# Aim of the task:
Under this line is a listing; return exactly the lines starting at the one with "4L-32-30 普通目ますぶた(車両対応型) イズミ 溶融亜鉛メッキ" and running down to the one with "Animal leather Keyring", and leave out its pictures.

═════ Supplied records ═════

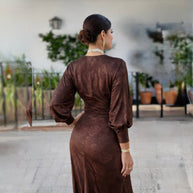 Vestido Mara Marrón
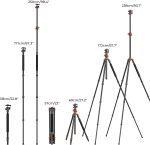 K&F Detachable Monopod Tripod T254A8+BH-28L with Extension - Image 6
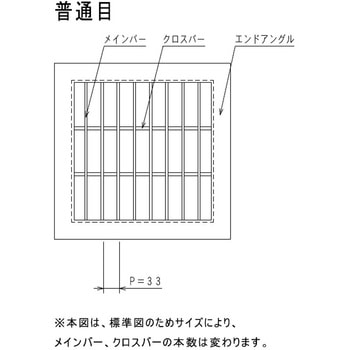 4L-32-30 普通目ますぶた(車両対応型) イズミ 溶融亜鉛メッキ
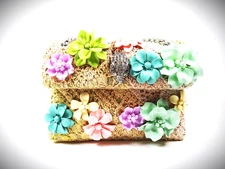 KURT GEIGER LONDON Mini Kensington Flowers Crossbody Bag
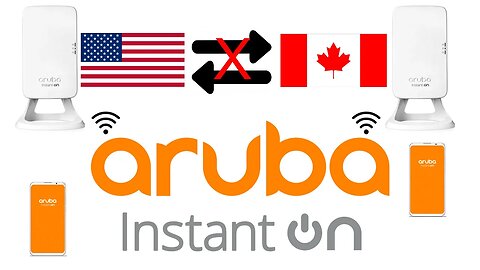 Aruba Instant On AP11D Setup Un Box & Install - Regin Locked AP.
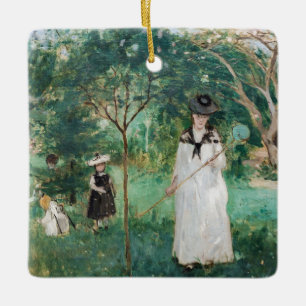 Berthe Morisot - De Butterfly Hunt Keramisch Ornament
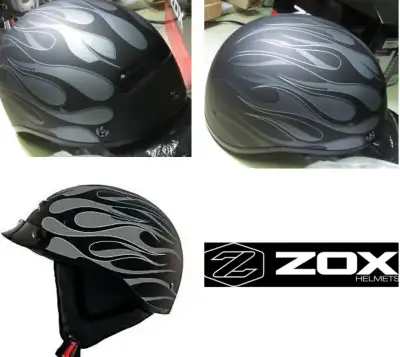 DOT certified motorcycle half helmet, size adult Large, AFCS advance fiberglass composite shell, EPS...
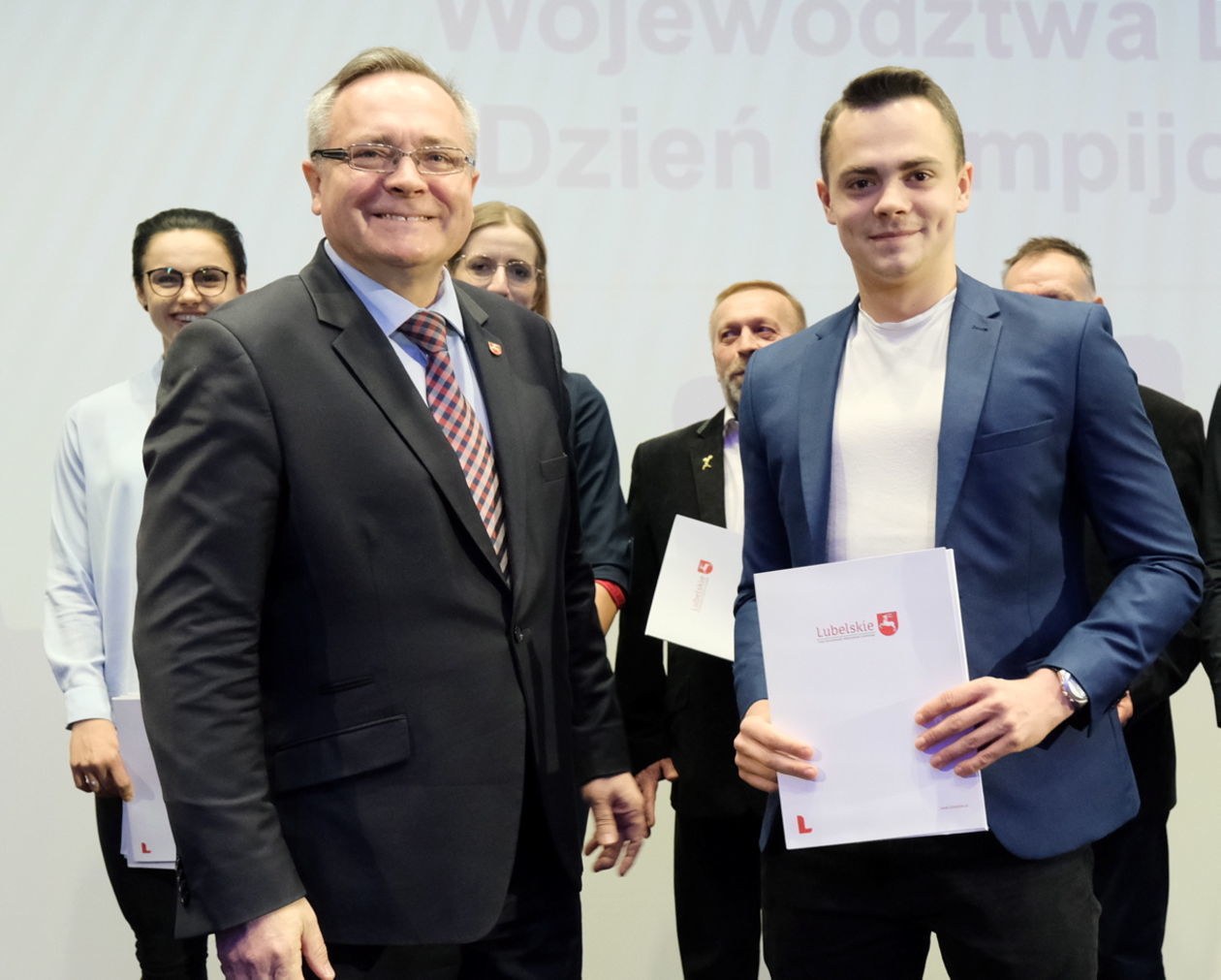  Dzień Olimpijczyka: wręczenie stypendiów sportowych Województwa Lubelskiego (zdjęcie 1) - Autor: Maciej Kaczanowski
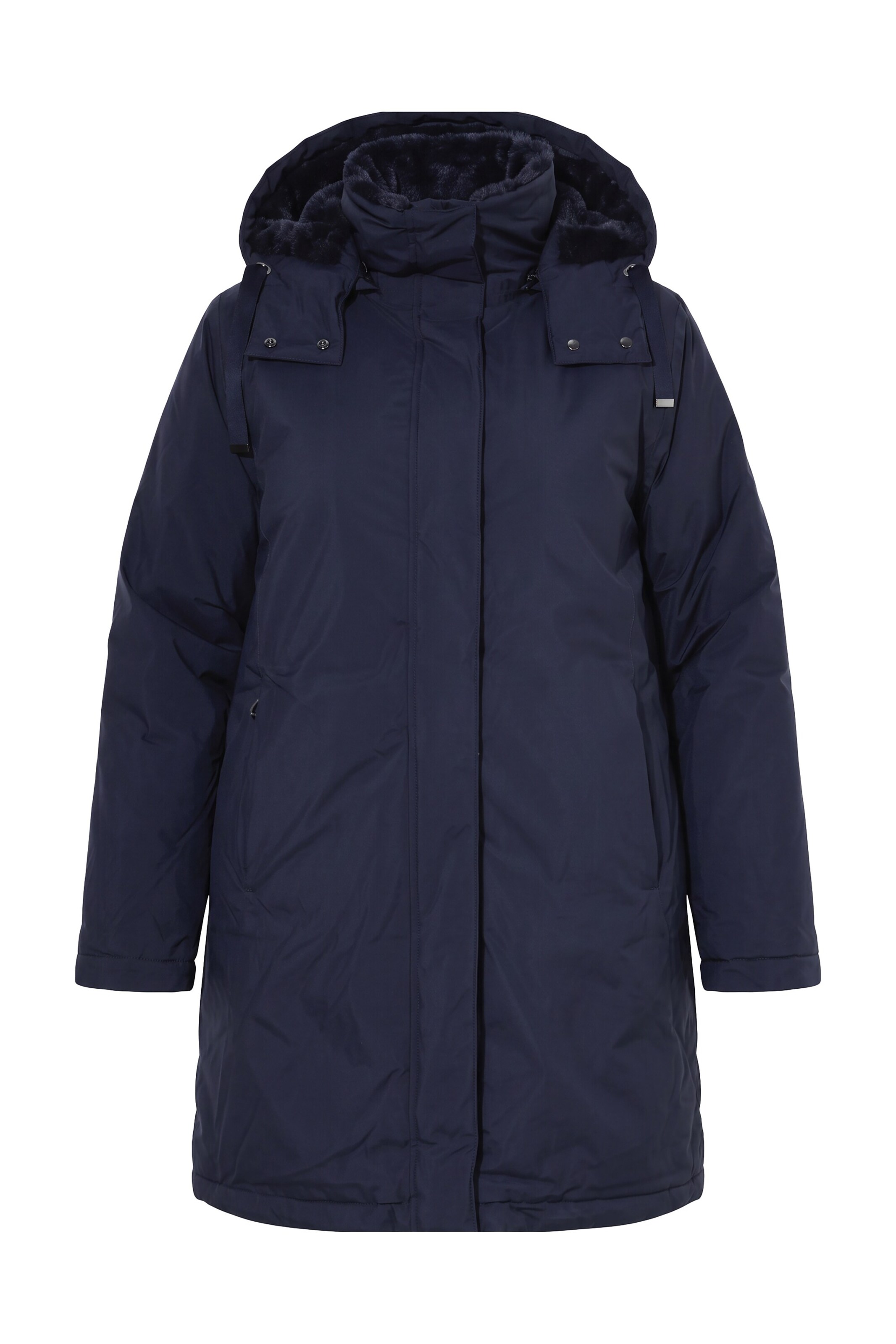 Ulla Popken Jacke in M-L in dunkelblau, Produktansicht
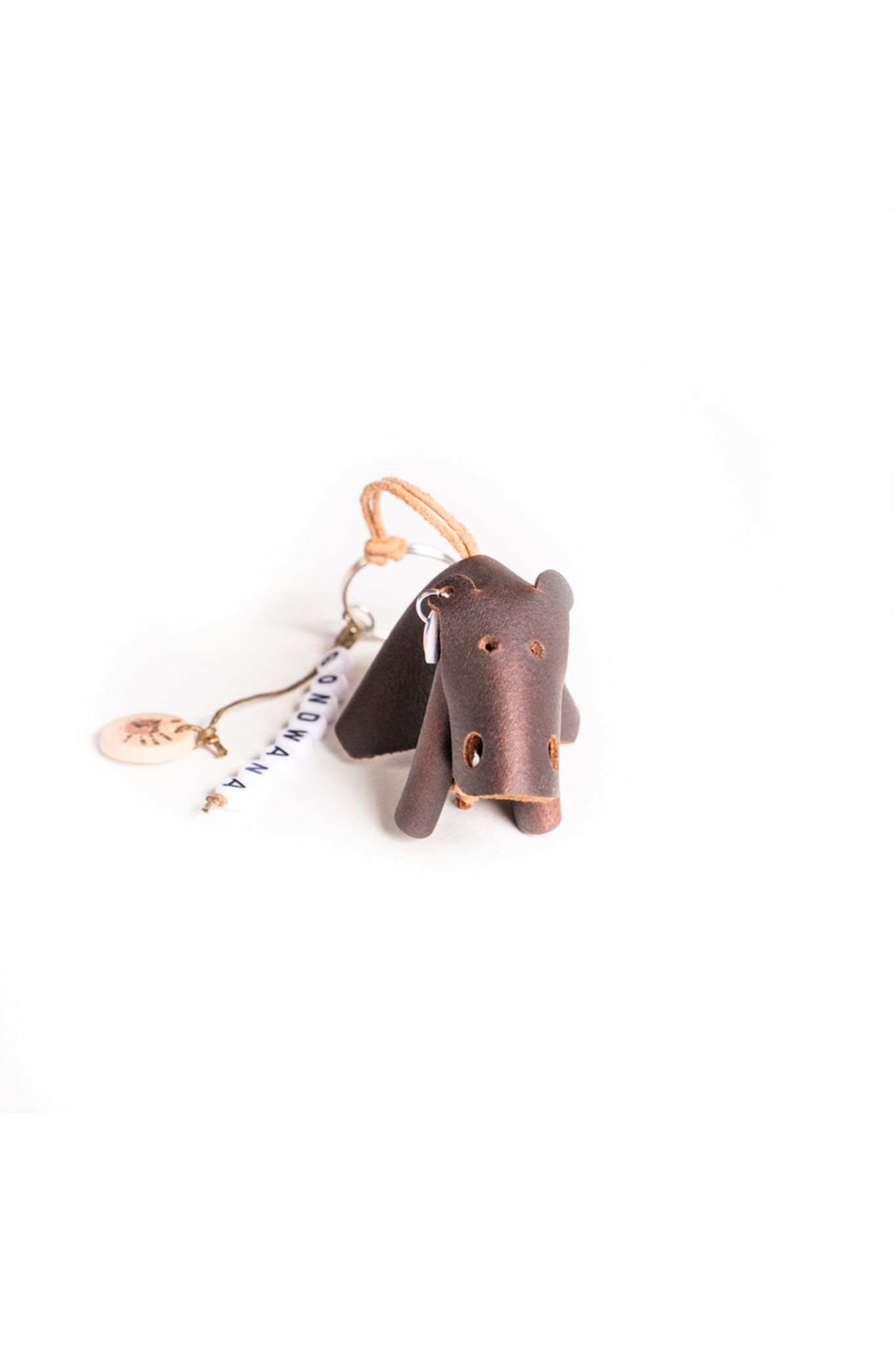 Animal leather Keyring
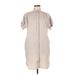 J.Crew Casual Dress - Shirtdress Collared Short sleeves: Gray Print Dresses - Women's Size X-Small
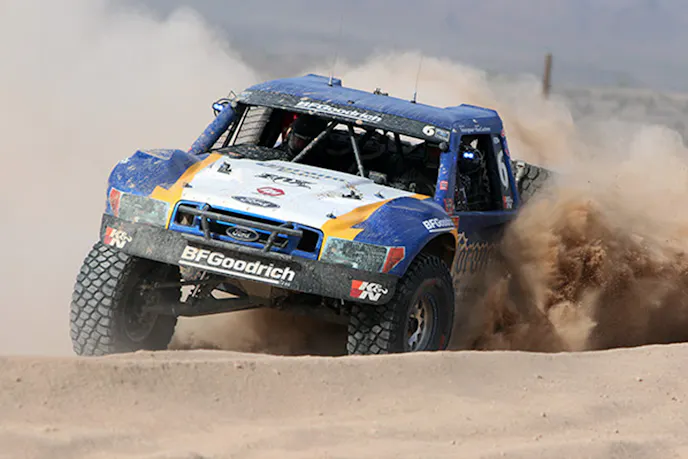 Steve Sourapas and Rob MacCachren racing in the BITD series last year.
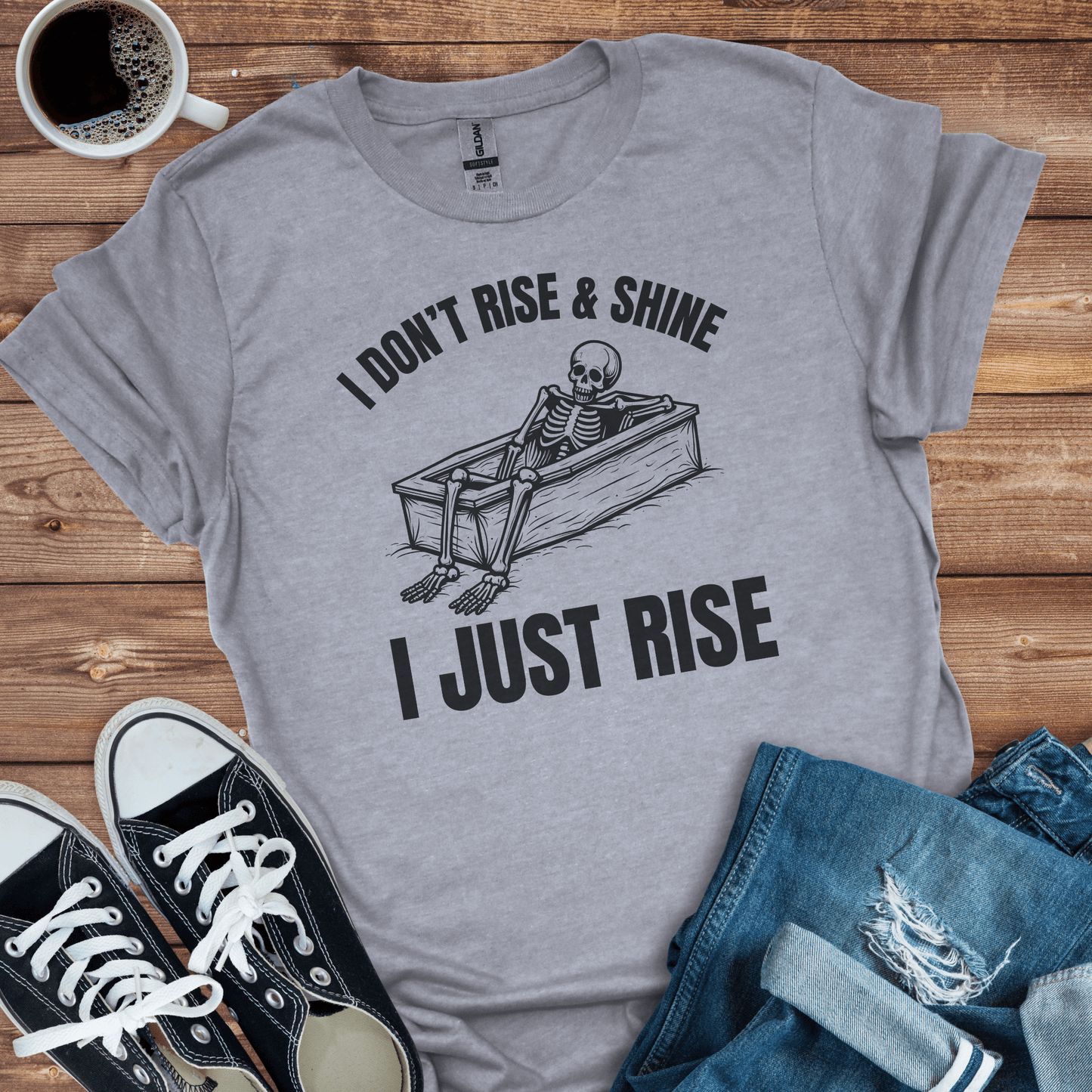 I Don't Rise Skeleton T-Shirt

═════

# Written solution:
 4L-32-30 普通目ますぶた(車両対応型) イズミ 溶融亜鉛メッキ
 KURT GEIGER LONDON Mini Kensington Flowers Crossbody Bag
 Aruba Instant On AP11D Setup Un Box & Install - Regin Locked AP.
 Berthe Morisot - De Butterfly Hunt Keramisch Ornament
 DOT certified motorcycle half helmet, size adult Large, AFCS advance fiberglass composite shell, EPS...
  Dzień Olimpijczyka: wręczenie stypendiów sportowych Województwa Lubelskiego (zdjęcie 1) - Autor: Maciej Kaczanowski
 Ulla Popken Jacke in M-L in dunkelblau, Produktansicht
 Animal leather Keyring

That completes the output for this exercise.